Our food items come from containers and boxes we buy in supermarkets, lit by hundreds of fluorescent lights, disconnected from the field, tree, or animal from whence they came. What is stranger buying a salmon fillet lying on a slab of Styrofoam, wrapped in plastic from the grocery store or catching it yourself, cutting the head off, cutting out its organs and eating it? I would say the majority of people would pick the later to be the more foreign of the two. It can be observed in the attitude of some meat eaters to hunting. Numerous times I’ve heard people complain about hunting, that it’s barbaric, people shouldn’t kill for pleasure or some other reason why hunters and hunting are in the wrong, this from the same person that a few days prior enjoyed a nice thick steak from the Outback while wearing patented leather dress shoes, their hair thick with product that was tested on chimps. It’s funny and ironic, like the time a carnie at the fair reprimanded my friend for dropping the f bomb by telling him “he didn’t want to hear that shit, there are goddamn families about” but if we look further it shows the disconnect people have with reality, they don’t really think of eating an animal as killing it because they didn’t do the physical act of killing, they consider themselves separate from the hunter when in fact they’re more similar than they realize or care to admit.
The point isn’t that animals shouldn’t be killed, that issue can be tackled in another article, but that we have become disconnected from our natural selves and are becoming something all together different, beings of a collective complex imagination that may reach a point someday where we no longer recognize ourselves as essentially human. A man looks at himself in the mirror and recognizes himself as a man, his manicured hair, beardless face, trimmed fingernails and toenails but would he recognize himself in his true state; hairy, bearded and with claws?
We need to reconnect with our natural selves from time to time and for me one great way to do that is through the ritual of preparing food, gaining an understanding of how what I’m eating was made. There’s something soothing about seeing the raw ingredients laid out on the kitchen counter knowing that in a few short hours it will be transformed into something delicious, or at least something edible. Food that you understand, have put time, effort, and hopefully love into creating is going to be enjoyed and savored a lot more than a burger you got at a drive though window for a dollar.

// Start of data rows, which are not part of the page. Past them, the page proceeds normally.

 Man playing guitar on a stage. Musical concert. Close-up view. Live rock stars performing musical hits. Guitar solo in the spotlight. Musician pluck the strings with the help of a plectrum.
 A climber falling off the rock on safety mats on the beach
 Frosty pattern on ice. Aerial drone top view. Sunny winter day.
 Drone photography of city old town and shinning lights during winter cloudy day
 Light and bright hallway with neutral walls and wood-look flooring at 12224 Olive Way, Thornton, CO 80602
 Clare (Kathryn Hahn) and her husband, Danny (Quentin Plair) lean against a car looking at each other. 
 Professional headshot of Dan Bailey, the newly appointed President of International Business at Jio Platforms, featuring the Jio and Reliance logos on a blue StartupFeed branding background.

You’re not going to eat the seared wasabi tuna with steamed asparagus and mashed potatoes from scratch you spent an hour and a half making speeding along in your car as you run over the tasks still left to complete on your to do list before close of the day, your going to enjoy it even if it doesn’t turn out so as great as you wanted, your going to sit and enjoy it. Maybe you’ll light some candles, have some wine, who knows, but you have taken the time to create and enjoy something, a simple joy in a simple everyday task that is becoming a lost art to many.

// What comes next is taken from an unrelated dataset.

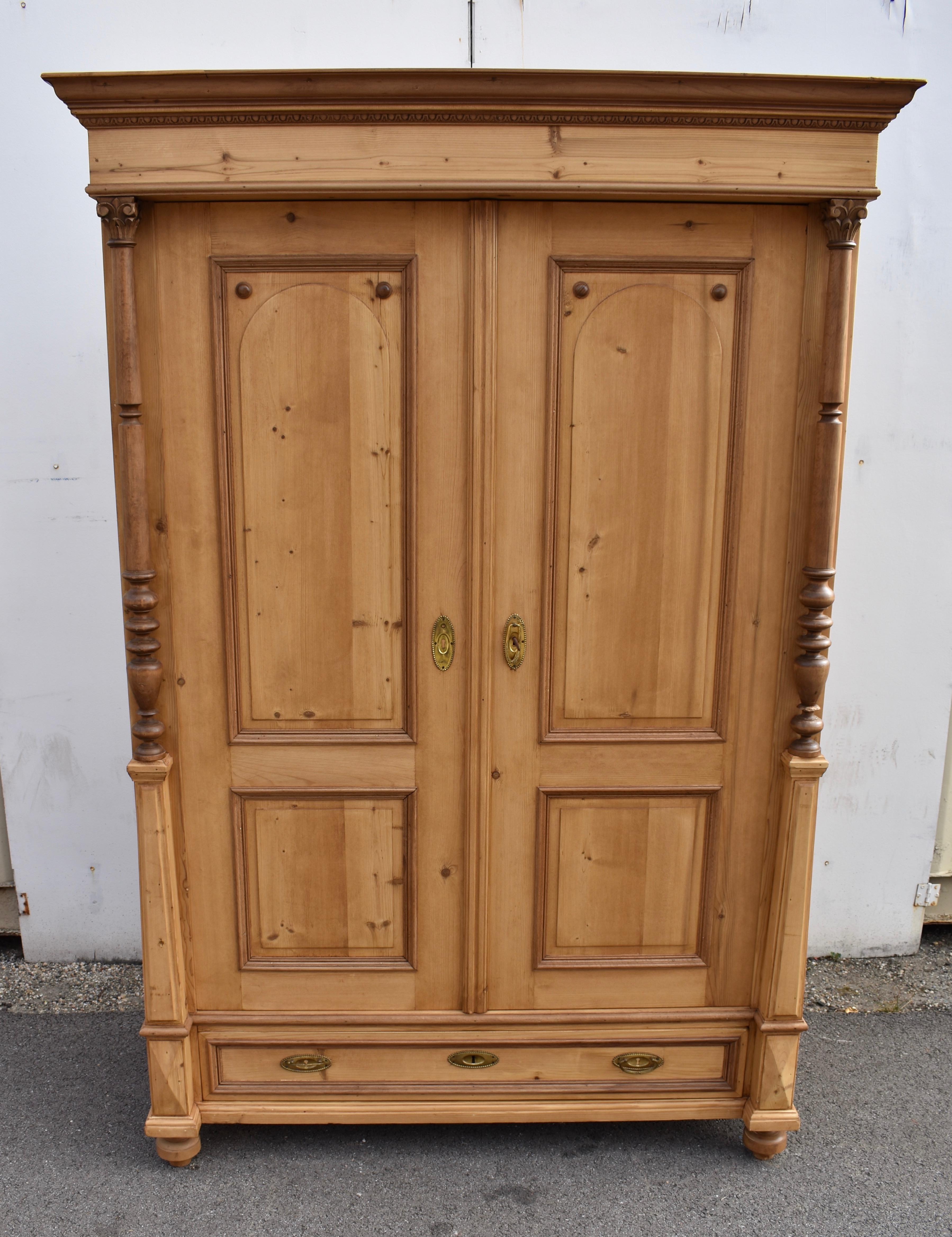 Che bell'armadio!  Questo armadio in legno di pino ha un aspetto fantastico grazie all'uso generoso del legno duro.  Una modanatura a corona ogee in legno duro si collega al fregio superiore, seguita dopo un breve spazio da una fila di modanature a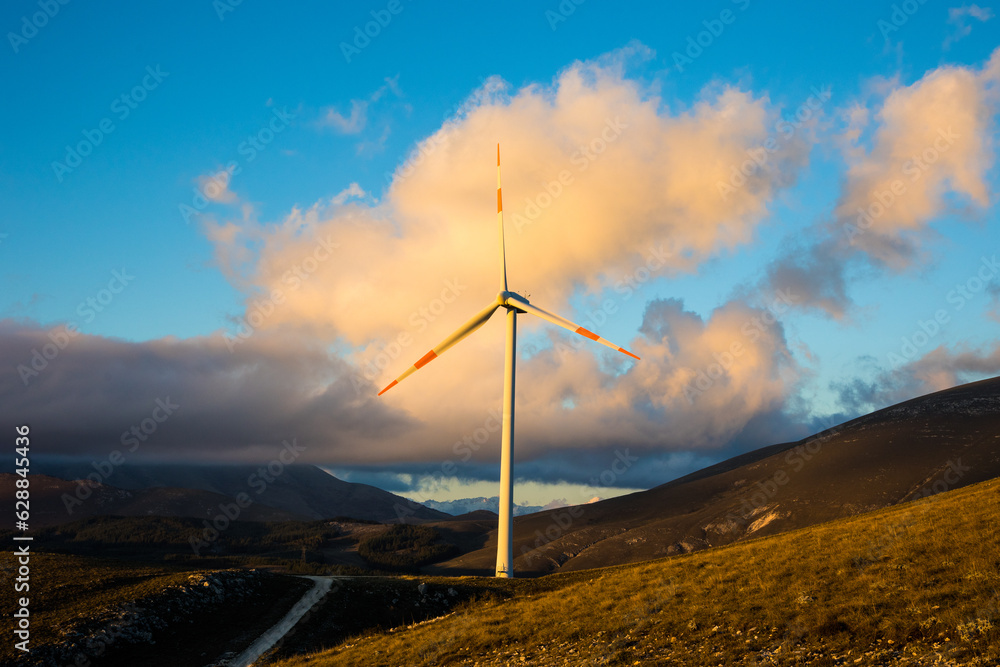 Conceptual photo background of tranquility at sunset. A wind farm with wind turbines in the mountains with snow and clouds. Calm sunset light and for wallpapers on your computer or phone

It doesn’t have to be an elaborately prepared meal either, it can be something as simple as taking an interest in your morning cup of coffee, tasting it, savoring it, instead of just belting it down in the underground on the way to work. You realize the cup of coffee you had yesterday from the hipster coffee shop on the corner tasted different than the one you had from Starbeans and you wonder why. From your office cube, during a lull in whatever it is do, you go online and start googling around about coffee, maybe pull up a few articles on Wikipedia and find a wealth of information about different varieties of beans, roasts, grinders, methods of preparation and decide try a few types of beans and roasts, maybe the next step is ordering a grinder, then a French press, followed by a siphon and wallah you are connected to your coffee, you have more of an understanding of what it is and more importantly you have a ritual that allows you to have a deeper connection to yourself, if that makes any sense.

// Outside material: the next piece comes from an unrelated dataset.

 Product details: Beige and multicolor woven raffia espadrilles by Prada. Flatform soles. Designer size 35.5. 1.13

I look forward to the ritual of waking up every morning and feeling the weight of my Japanese grinder in my hand, a wave of warmth and calm washes over me as I sit and turn the handle and feel the ceramic blades pulverizing the beans into the grind of my desired consistency. I sit and watch the mountain from the picture window above my kitchen table, the whistle of the kettle eventually calls me back from the snow covered peak and I empty the grinder into the French press, followed by the boiling water. The room fills with the scent of roasted coffee, it steeps and I wait, I pour a cup for myself and one for my wife. It’s the same every morning, I am not doing anything but making and drinking coffee but it’s a beautiful, simplistic, and relaxing part of my day.
I don’t want the self grinding alarm clock coffee brew station that’s going to order me more coffee from Starbeans when I need it, allow me to keep updated on the news and check Facebook from the breakfast table. I ultimately would like to feel somewhat involved in the creation of my food, even if it is only in a small way. I would much rather go down to the open air market and haggle with octogenarians over the price of their fruits, vegetables, and fish than shop in the in the eerily sterile, over lit, mega grocery chain market. I’m not suggesting we all need to turn into foodies that won’t shop anywhere but the uber hip faux mom and pop organic market down the street, just that we need to enjoy the simple pleasures in life we so often write off as inconveniences, to get out there and reconnect with ourselves. We don’t need to let what we eat define us but we should be able to define what it is we’re eating, have some semblance of a sense where and how it originated.
Too often these days we simply exist in a temperature controlled, emotionless vacuum, never wanting to be hot or cold, never wanting to wash a dish or cook a meal, opting to drive everywhere when a simple walk down a moon lit street would do us wonders, both physically and mentally. If we lose these simple joys we lose what it is to be human. It’s strange that as humanity understands more of the natural world around them the world we create becomes increasingly confusing, and the things that have helped us understand and subdue the natural world, mathematics, science, machinery, and computers, are what is causing it to become more confusing.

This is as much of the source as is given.